Dimalam minggu ini aku berjualan seperti biasanya, pembeli ramai berdatangan, baik menggunakan motor bahkan menggunakan mobil. Ada sebuah mobil mewah yang berhenti ditempat kami, ternyata seorang anak muda seusiaku turun dari mobilnya, setelah itu beberapa detik disusul oleh seorang cewek yang cukup cantik. Dalam fokus yang terbagi aku sambil memperhatikan pasangan ini, yak arena seperti biasanya mereka akan aku tawari menu-menu yang ada di warung Pak Sholeh.

“Mau bungkus apa makan sini Mas Mbak?” Tanyaku dengan antusias.

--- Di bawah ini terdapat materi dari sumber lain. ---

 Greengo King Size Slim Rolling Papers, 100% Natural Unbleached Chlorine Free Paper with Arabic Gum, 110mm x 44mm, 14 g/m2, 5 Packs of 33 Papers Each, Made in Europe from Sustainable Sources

“Bungkus aja..” Jawab pembeli cewek itu. Tunggu, suara cewek itu sepertinya pernah aku denger tapi dimana ya..

Setelah aku menyelesaikan mengemas nasi goreng aku mencoba menoleh ke arah wajah pembeli baru kami, dan ternyata itu adalah Sari. Dia terlihat sangat cantik dengan penampilan yang jauh berbeda dari dirumah, ditemani seorang cowok yang cukup tampan dan bermobil. Aku tidak berani bertanya apa-apa, bahkan kami pun mencoba saling mengindari bertatap mata. Tidak ada kalimat apapun yang kami lontarkan, bahkan sampai dia akhirnya kembali masuk ke dalam mobil mewahnya dan pergi.

Sungguh beberapa menit itu adalah waktu yang panjang dan sulit untuk hati ini bersembunyi, mengalihkan perasaan yang pernah ada menjadi perasaan yang tidak ada.

Sejatinya aku dan Sari tidak pernah memiliki hubungan apa-apa, kita hanya dekat selama 2 minggu saja disekolah, tapi nyatanya hati ini seolah mau berterimakasih kepadanya yang telah memberikan warna pertama dalam waktu 2 minggu itu. Meskipun nyatanya Sari juga tidak peduli, bukan berarti cintaku bertepuk sebelah tangan karena kenyatanya Sari tidak pernah mendengar ungkapan hatiku, yaa.. mungkin hatiku yang mulai belajar menyakiti diri sendiri dengan berharap lebih.